[Dataset — start]

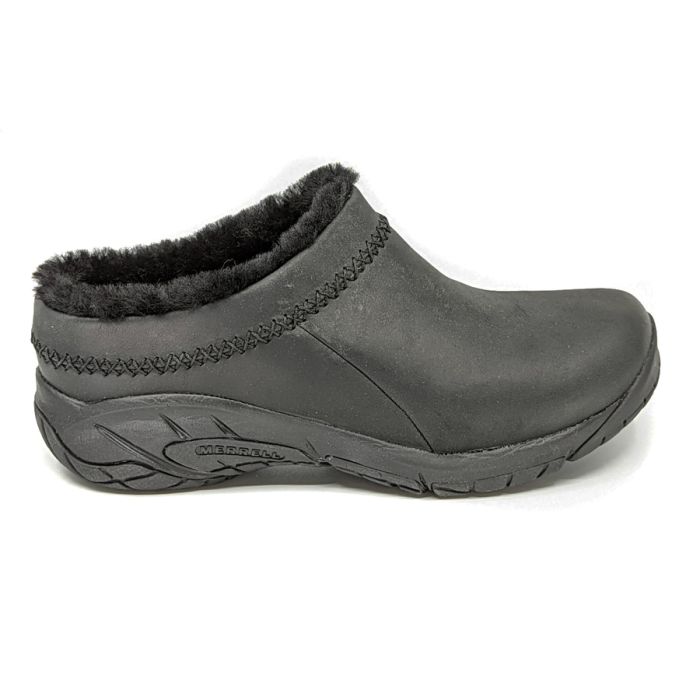 Merrell Women's Waterproof Encore Ice 4 Clog - Smooth Black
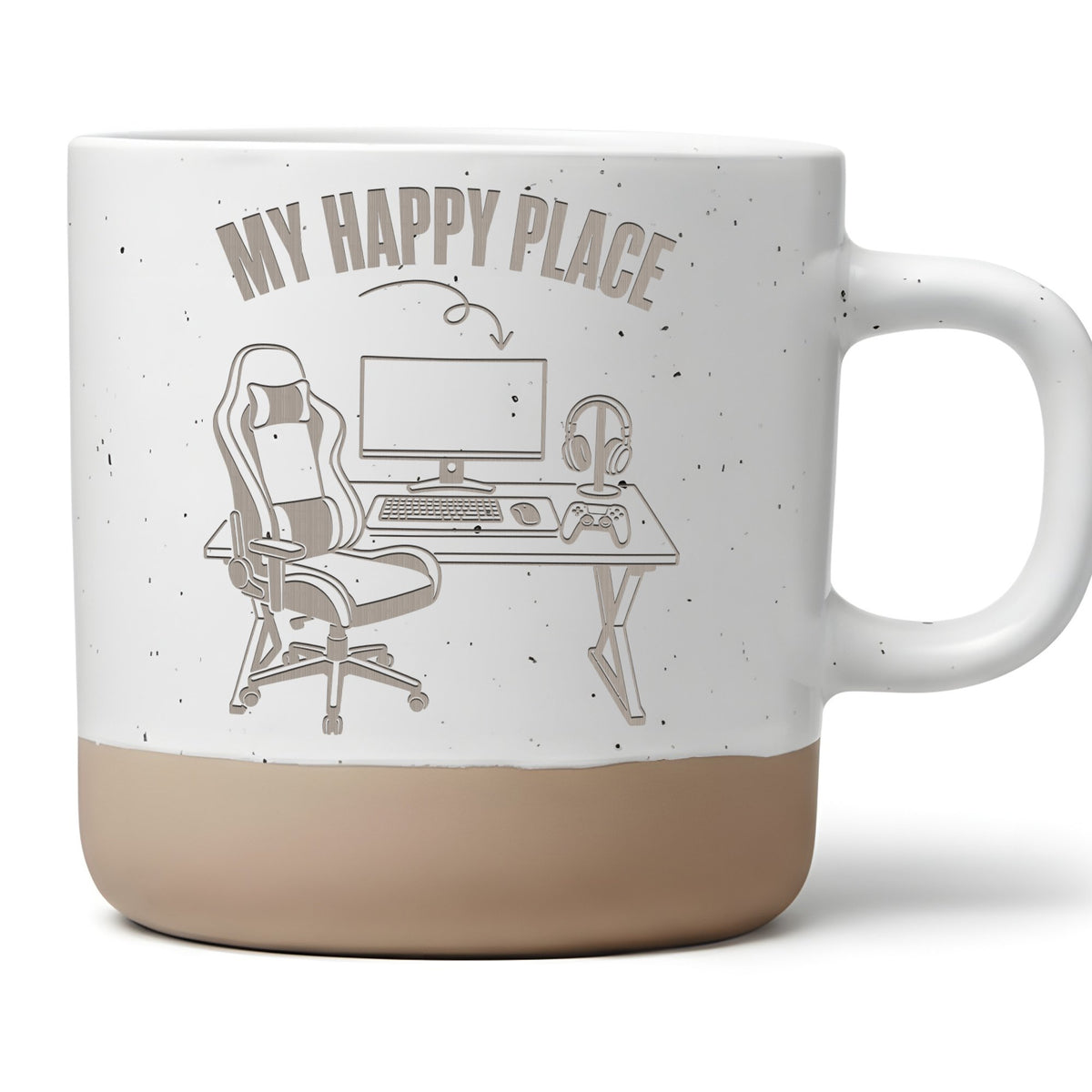 Gaming Tasse My Happy Place - Lustiges Geschenk für Zocker - PC Spiele – Bild 1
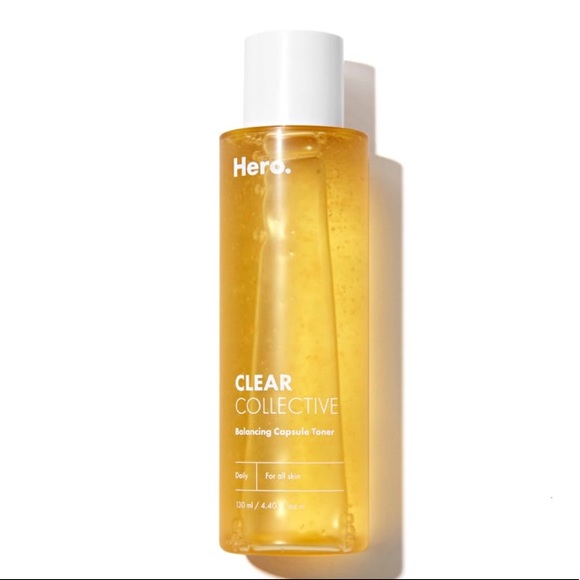 HERO CLEAR COLLECTIVE SERUM TONER DELUXE TRAVEL SIZE 1 OUNCE NWT - Picture 1 of 10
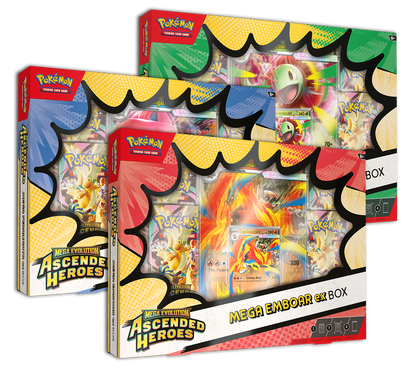 Caja Pokémon TCG - Colección Mega Héroes Ascendentes - Inglés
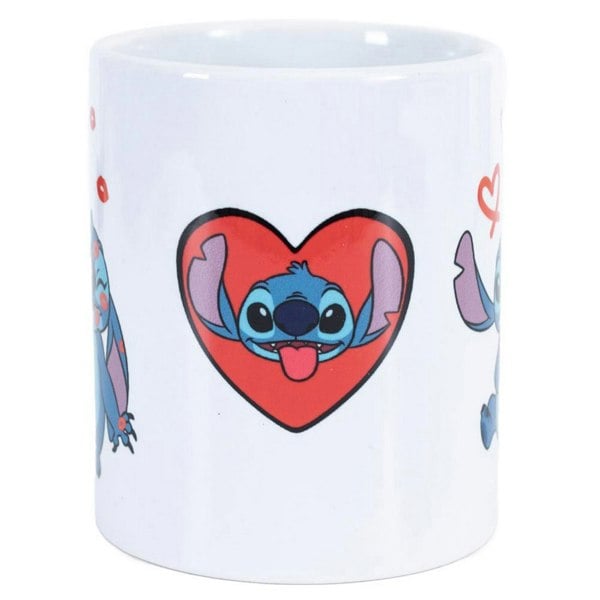 Lilo & Stitch Love Mug - White/Blue/Red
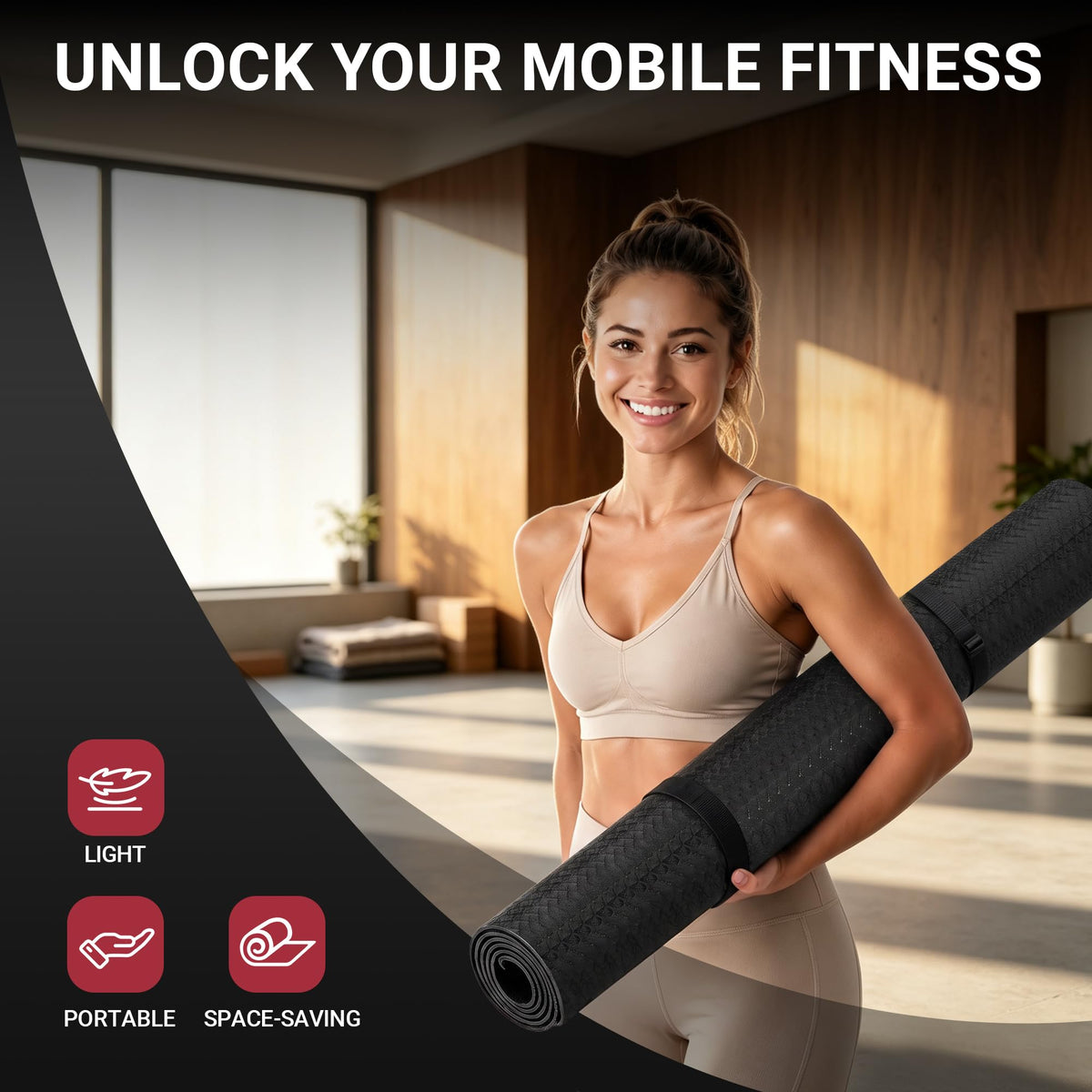 Extra Large Yoga Mat 6mm Thick for Home Fitness Training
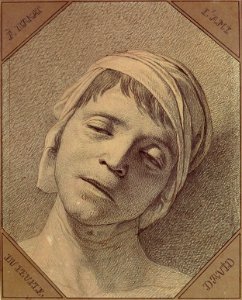 Marat dessin de David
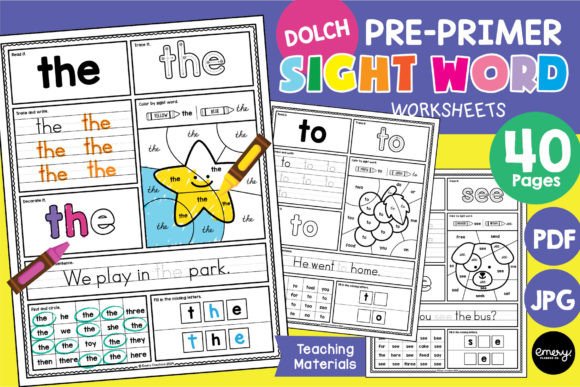 Preschool Dolch Sight Word Worksheets: Designing for Early Literacy
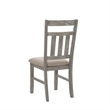 Bowery Hill 7-Piece Padded Seats Wood Dining Set in Weathered Gray/Tan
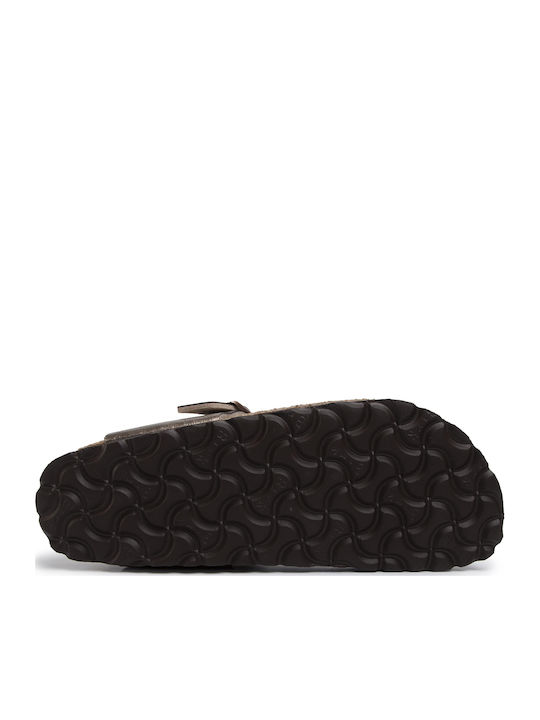 Gizeh Birko-Flor Women's Anatomic Flat Sandals Gold Narrow Fit
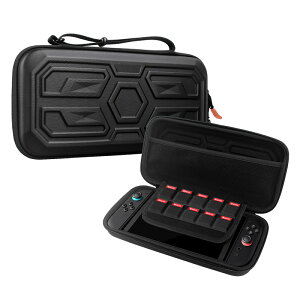 Nintendo Switch2専用キャリングハードケース 保護ケース ブラック 持ち運び キャリーバッグ ゲームカード 収納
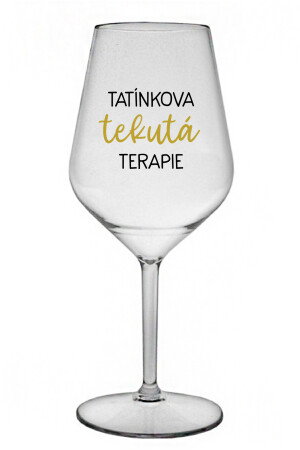 Product detail of TATÍNKOVA TEKUTÁ TERAPIE - čirá nerozbitná sklenice na víno 470 ml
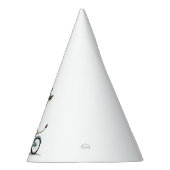 Giraffe Reiten mit dem Fahrrad - HandGezeichnet St Partyhütchen (Rechts)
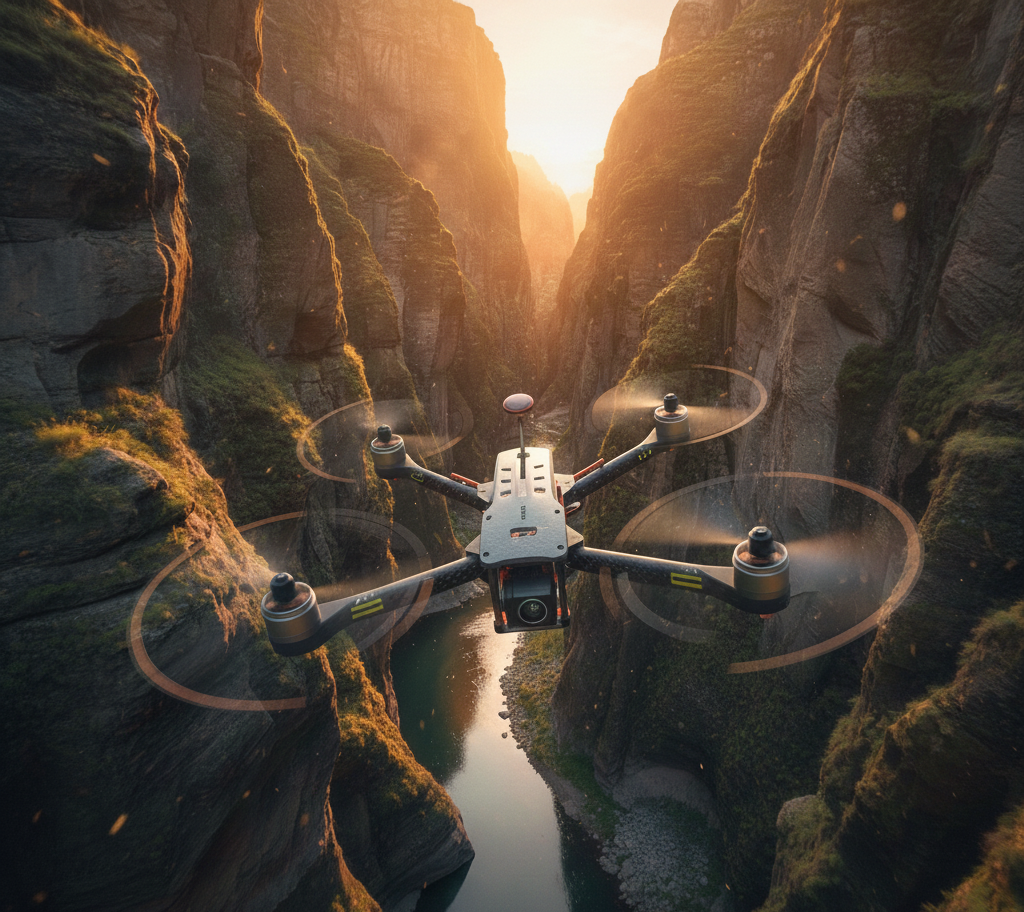 FPV drone uçuşu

[Dataset — finish]

### What to work on
Repeat the data in full and exactly. Omit pictures.

### Written response
 Merrell Women's Waterproof Encore Ice 4 Clog - Smooth Black
 Gaming Tasse My Happy Place - Lustiges Geschenk für Zocker - PC Spiele – Bild 1
 HERO CLEAR COLLECTIVE SERUM TONER DELUXE TRAVEL SIZE 1 OUNCE NWT - Picture 1 of 10
 Caja Pokémon TCG - Colección Mega Héroes Ascendentes - Inglés
 Lilo & Stitch Love Mug - White/Blue/Red
 Extra Large Yoga Mat 6mm Thick for Home Fitness Training
 Marat dessin de David
 Preschool Dolch Sight Word Worksheets: Designing for Early Literacy
 Bowery Hill 7-Piece Padded Seats Wood Dining Set in Weathered Gray/Tan
 Gizeh Birko-Flor Women's Anatomic Flat Sandals Gold Narrow Fit
 Nintendo Switch2専用キャリングハードケース 保護ケース ブラック 持ち運び キャリーバッグ ゲームカード 収納
 Product detail of TATÍNKOVA TEKUTÁ TERAPIE - čirá nerozbitná sklenice na víno 470 ml
 Giraffe Reiten mit dem Fahrrad - HandGezeichnet St Partyhütchen (Rechts)
 FPV drone uçuşu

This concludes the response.